ABOUT THIS TASK:
Could you give back every record below exactly, leaving out the pictures?

SOURCE INFORMATION:
* * * * *
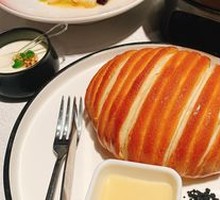 Special Roasted Flower Bun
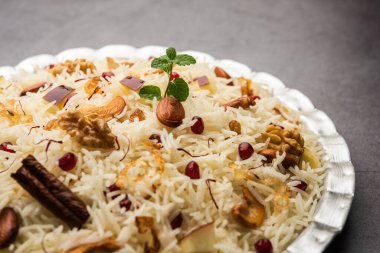 Basmati pilavından yapılmış Kaşmir pulası baharatla pişirilmiş ve safran ve kuru meyvelerle tatlandırılmış.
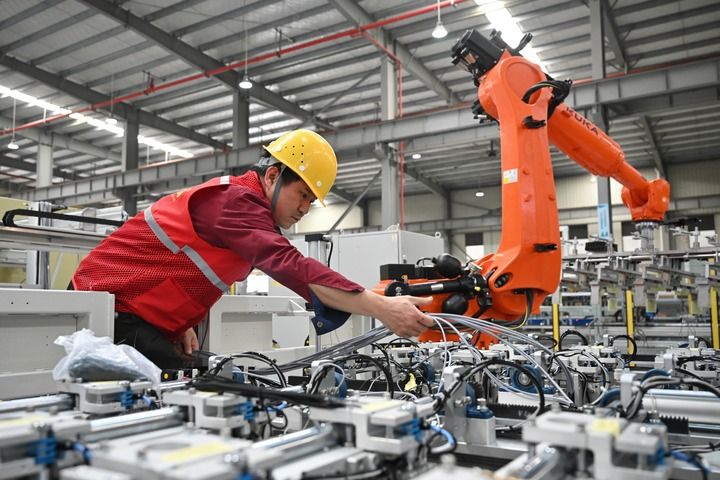 招聘求職人行早 “用工忙”折射經(jīng)濟(jì)開(kāi)局穩(wěn)(圖3)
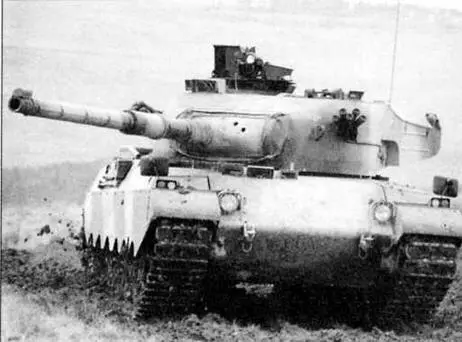 На обоих снимках Виккерс Mk3 I во время полигонных испытаний Специальные - фото 47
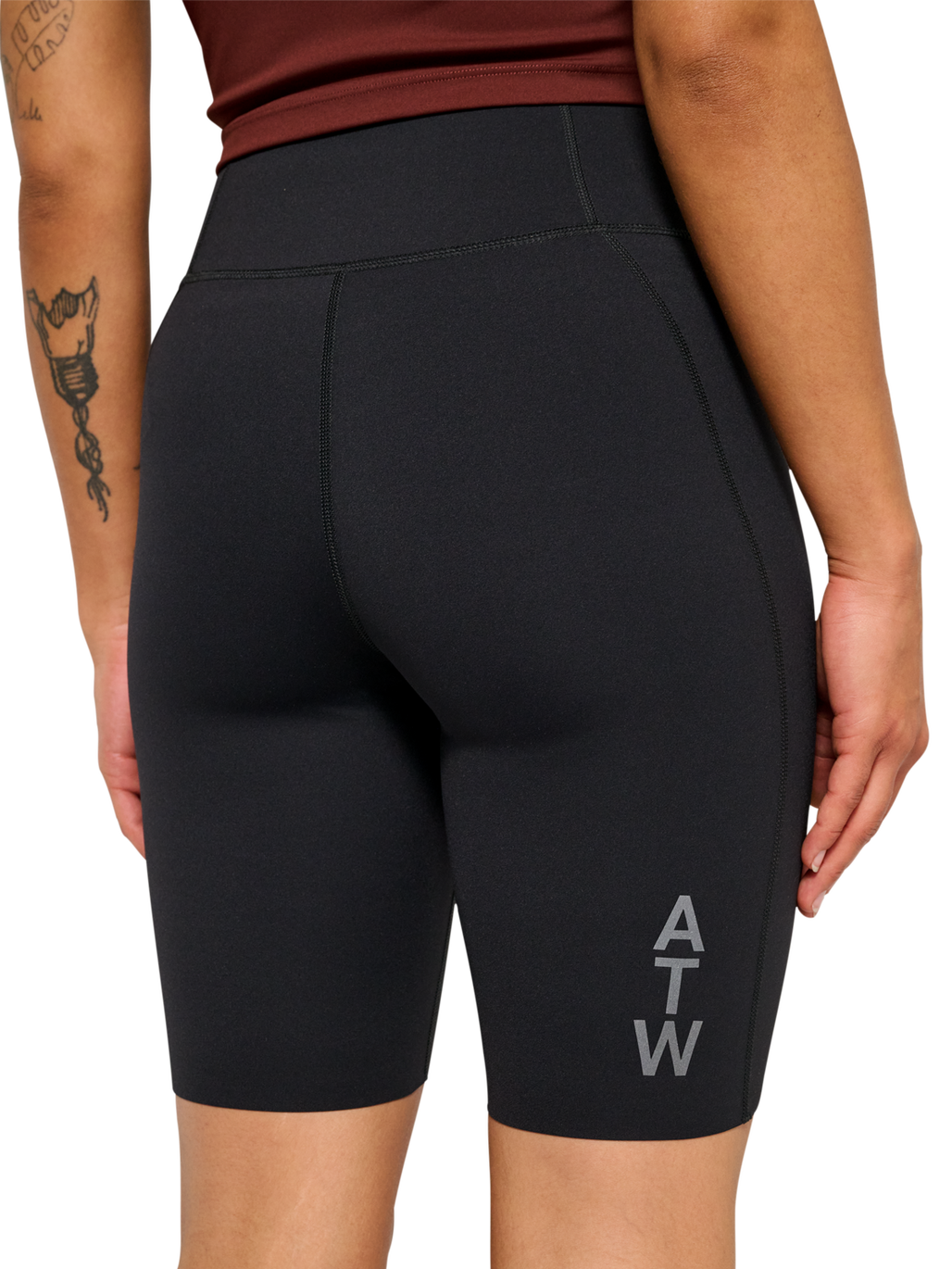 HALO WOMEN TRAINING SPRINTERS, BLACK, model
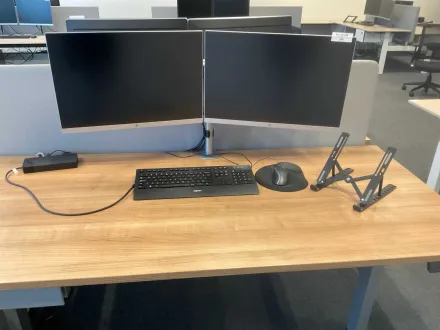 HP Elite E243i Monitor (2x) – RESALE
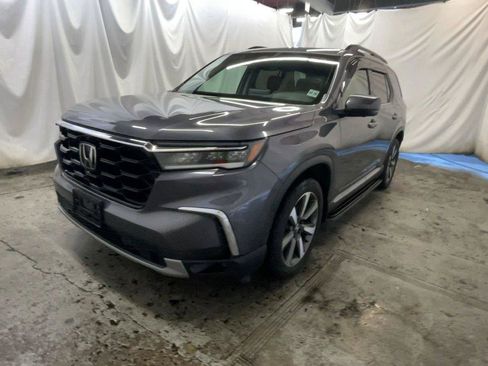 Used 2025 Honda Pilot Elite image 13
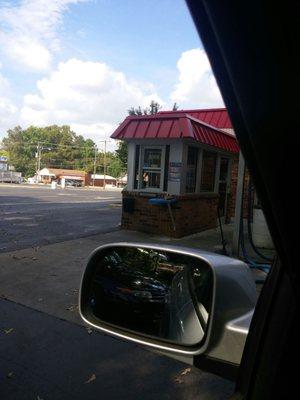 Where is everybody? This place is the worst autobell of the lot. Been waiting for over 5 minutes to place my order.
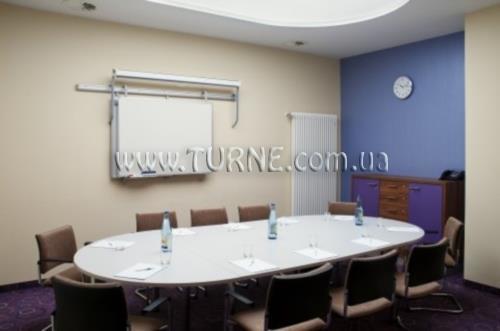 Holiday Inn Express 3* фотосуреті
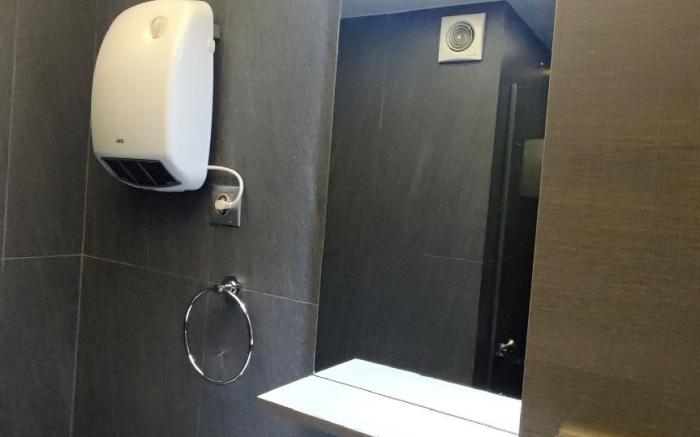 Ermou Junior Suite by Athens Urban Retreat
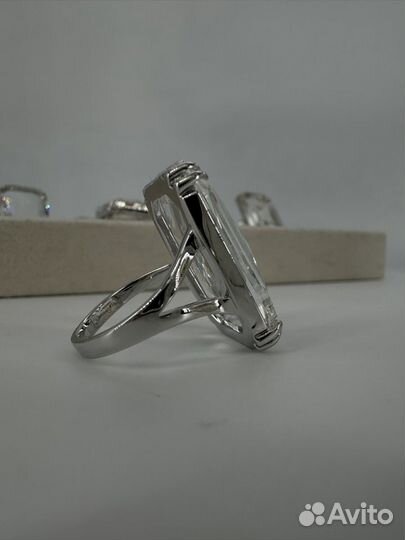 Серебристое кольцо с кристаллом Poison drop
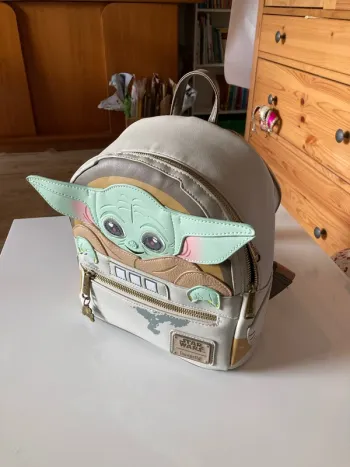 Loungefly bébé Yoda / Grogu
* * * * *
TASK ANSWER:
 Special Roasted Flower Bun
 Basmati pilavından yapılmış Kaşmir pulası baharatla pişirilmiş ve safran ve kuru meyvelerle tatlandırılmış.
 招聘求職人行早 “用工忙”折射經(jīng)濟(jì)開(kāi)局穩(wěn)(圖3)
 На обоих снимках Виккерс Mk3 I во время полигонных испытаний Специальные - фото 47
 HALO WOMEN TRAINING SPRINTERS, BLACK, model
 HP Elite E243i Monitor (2x) – RESALE
 Used 2025 Honda Pilot Elite image 13
 Where is everybody? This place is the worst autobell of the lot. Been waiting for over 5 minutes to place my order.
 Holiday Inn Express 3* фотосуреті
 Ermou Junior Suite by Athens Urban Retreat
 Серебристое кольцо с кристаллом Poison drop
 Loungefly bébé Yoda / Grogu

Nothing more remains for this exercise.